N/a — URL is not known to the robot, i.e. the robot had never met her before.

What conclusions can be drawn from the screenshot:

  1. Yandex did not find the address /xenforo/xenforostyles/, which, in fact, is logical, because this page no longer exists.
  2. Yandex found the address /bystrye-ssylki-v-yandex-webmaster/, which is also quite logical, because new page.

So, in my case, Yandex Webmaster reflects what I expected to see: what is not needed, Yandex has removed, and what is needed, Yandex has added. This means that everything is fine with the bypass, there are no blockages.

Pages in search

Search results are constantly changing - new sites are added, old ones are deleted, positions in search results are adjusted, and so on.

You can use the information in the “Pages in Search” section:

  • to track changes in the number of pages in Yandex;
  • to track added and excluded pages;
  • to find out the reasons for excluding a site from search results;
  • to obtain information about the date the search engine visited the site;
  • to receive information about changes in search results.

This section is needed to check the indexing of pages. Here Yandex Webmaster shows pages added to search results. If all your pages are added to the section (a new one will be added within a week), then everything is in order with the pages.

Checking the number of pages in the Yandex index using operators

In addition to Yandex Webmaster, you can check the indexing of a page using operators directly in the search itself.

We will use two operators:

  • “site” - search across all subdomains and pages of the specified site;
  • “host” - search for pages hosted on a given host.

Let's use the "site" operator.
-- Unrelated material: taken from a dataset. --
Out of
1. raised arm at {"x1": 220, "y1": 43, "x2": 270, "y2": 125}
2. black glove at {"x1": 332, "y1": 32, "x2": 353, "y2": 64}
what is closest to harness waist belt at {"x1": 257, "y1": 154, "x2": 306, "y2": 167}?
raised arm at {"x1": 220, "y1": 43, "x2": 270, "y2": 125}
Note that there is no space between the operator and the site. 18 pages are in Yandex search.

Let's use the "host" operator. 19 pages indexed by Yandex.
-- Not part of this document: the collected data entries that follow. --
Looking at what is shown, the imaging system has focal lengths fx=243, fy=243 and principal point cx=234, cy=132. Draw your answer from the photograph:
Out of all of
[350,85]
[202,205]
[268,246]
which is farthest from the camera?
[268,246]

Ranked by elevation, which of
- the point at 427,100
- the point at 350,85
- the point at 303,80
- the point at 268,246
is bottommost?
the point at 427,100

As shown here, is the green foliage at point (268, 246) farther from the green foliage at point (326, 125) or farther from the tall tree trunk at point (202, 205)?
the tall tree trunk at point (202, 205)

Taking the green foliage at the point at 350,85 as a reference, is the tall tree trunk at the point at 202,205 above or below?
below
Checking indexing using plugins and extensions

Check site indexing using services

There are a lot of such services. I'll show you two.

Serphunt

Serphunt is an online service for website analysis. They have a useful tool for checking page indexing.

You can simultaneously check up to 100 website pages using two search engines - Yandex and Google.

To check the indexing of a page, add it to the list:

Click “Start scanning” and after a few seconds we get the result:

Two methods for obtaining the date a page was first indexed stopped working:

  • the date operator does not work correctly;
  • adding the &how=tm parameter to the query string no longer displays indexing dates.

But this information can still be obtained via Yandex XML. To do this, you need to follow the link https://xml.yandex.ru/test/ and in the “&query” field enter a query like url:%page%, where %page% is the page address. Next, click on “Find” and in the resulting result we look for a tag that will indicate the date the page was first indexed.


Date of crawl by search robot and status in the search database

To find out the date of the last crawl of the page and information about which version is located when building search results, you need to select “Check URL status” in the Yandex.Webmaster service in the “Indexing” section. Next, indicate the required address and receive the data. This method only works for a verified site.


Date of creation of the saved copy

To find out the date of creation of the saved copy, you need to click on the drop-down menu in the search results (next to the name of the page address).






Viewing saved copies in the Bing and Mail search engines will show older versions of pages, since they re-index them more slowly than Yandex and Google search robots.

Conclusion

  1. As shown in the example above, the saved copy of the page is not always used to build the index base. But, often, this is true.
  2. In addition, if you have made any changes to the page and are waiting for these changes to be re-indexed, then you should not conclude that the changes have been taken into account based on the date of the last crawl by the search robot.